YOUR TASK: Write every entry out again, exactly as given.

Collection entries
________
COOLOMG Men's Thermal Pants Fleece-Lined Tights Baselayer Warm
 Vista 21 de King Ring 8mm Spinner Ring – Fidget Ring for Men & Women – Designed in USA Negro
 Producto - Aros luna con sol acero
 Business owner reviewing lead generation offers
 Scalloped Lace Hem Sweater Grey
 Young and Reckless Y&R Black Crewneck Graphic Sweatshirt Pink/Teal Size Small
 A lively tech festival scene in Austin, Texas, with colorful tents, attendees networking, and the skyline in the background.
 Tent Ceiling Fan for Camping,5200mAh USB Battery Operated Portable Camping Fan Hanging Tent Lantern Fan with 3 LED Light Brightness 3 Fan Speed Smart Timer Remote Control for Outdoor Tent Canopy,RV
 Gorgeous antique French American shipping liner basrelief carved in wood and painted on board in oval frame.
________
RESULT BELOW:
COOLOMG Men's Thermal Pants Fleece-Lined Tights Baselayer Warm
 Vista 21 de King Ring 8mm Spinner Ring – Fidget Ring for Men & Women – Designed in USA Negro
 Producto - Aros luna con sol acero
 Business owner reviewing lead generation offers
 Scalloped Lace Hem Sweater Grey
 Young and Reckless Y&R Black Crewneck Graphic Sweatshirt Pink/Teal Size Small
 A lively tech festival scene in Austin, Texas, with colorful tents, attendees networking, and the skyline in the background.
 Tent Ceiling Fan for Camping,5200mAh USB Battery Operated Portable Camping Fan Hanging Tent Lantern Fan with 3 LED Light Brightness 3 Fan Speed Smart Timer Remote Control for Outdoor Tent Canopy,RV
 Gorgeous antique French American shipping liner basrelief carved in wood and painted on board in oval frame.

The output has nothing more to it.